You'll need to use a LEFT JOIN to check for NULL values in invBlueprintTypesPrices. To mimic the LIMIT 1 per TypeId, you can use the MAX() or to truly make sure you only return a single record, use a row number -- this depends on whether you can have multiple max time stamps for each type id.
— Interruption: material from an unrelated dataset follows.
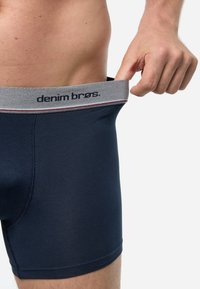 Marineblaue Boxershorts aus weichem Stoff, mit einem breiten grauen Bund, der ein Markenlogo und kontrastierende Streifen zeigt.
Assuming not, then this should be close:
Select
...
From
invBlueprintTypes As blueprints
Inner Join invTypes As blueprintType On blueprints.blueprintTypeID = blueprintType.typeID
Inner Join invTypes As productType On blueprints.productTypeID = productType.typeID
Inner Join invGroups As productGroup On productType.groupID = productGroup.groupID
Inner Join invCategories As productCategory On productGroup.categoryID = productCategory.categoryID
Left Join (
SELECT MAX(TimeStamp) MaxTime, TypeId
FROM invBlueprintTypesPrices
GROUP BY TypeId
) blueprintTypePrice On blueprints.blueprintTypeID = blueprintTypePrice.typeID
Left Join invBlueprintTypesPrices blueprintTypePrices On
blueprintTypePrice.TypeId = blueprintTypePrices.TypeId AND
blueprintTypePrice.MaxTime = blueprintTypePrices.TimeStamp
Where
blueprints.techLevel = 1 And
blueprintType.published = 1 And
productType.marketGroupID Is Not Null And
blueprintType.basePrice > 0
Order By
blueprintTypePrices.profitHour
Assuming you might have the same max time stamp with 2 different records, replace the 2 left joins above with something similar to this getting the row number:
Left Join (
SELECT #rn:=IF(#prevTypeId=TypeId,#rn+1,1) rn,
TimeStamp,
TypeId,
profitHour,
#prevTypeId:=TypeId
FROM (SELECT *
FROM invBlueprintTypesPrices
ORDER BY TypeId, TimeStamp DESC) t
JOIN (SELECT #rn:=0) t2
) blueprintTypePrices On blueprints.blueprintTypeID = blueprintTypePrices.typeID AND blueprintTypePrices.rn=1
You don't say where you are putting the subquery. If in the select clause, then you have a problem because you are returning more than one value.
You can't put this into the from clause directly, because you have a correlated subquery (not allowed).
Instead, you can put it in like this:
from . . .
(select *
from invBLueprintTypesPrices ibptp
where ibtp.timestamp = (select ibptp2.timestamp
from invBLueprintTypesPrices ibptp2
where ibptp.blueprintTypeId = ibptp2.blueprintTypeId
order by timestamp desc
limit 1
)
) ibptp
on ibptp.blueprintTypeId = blueprintType.TypeID
This identifies the most recent records for all the blueprintTypeids in the subquery. It then joins in the one that matches.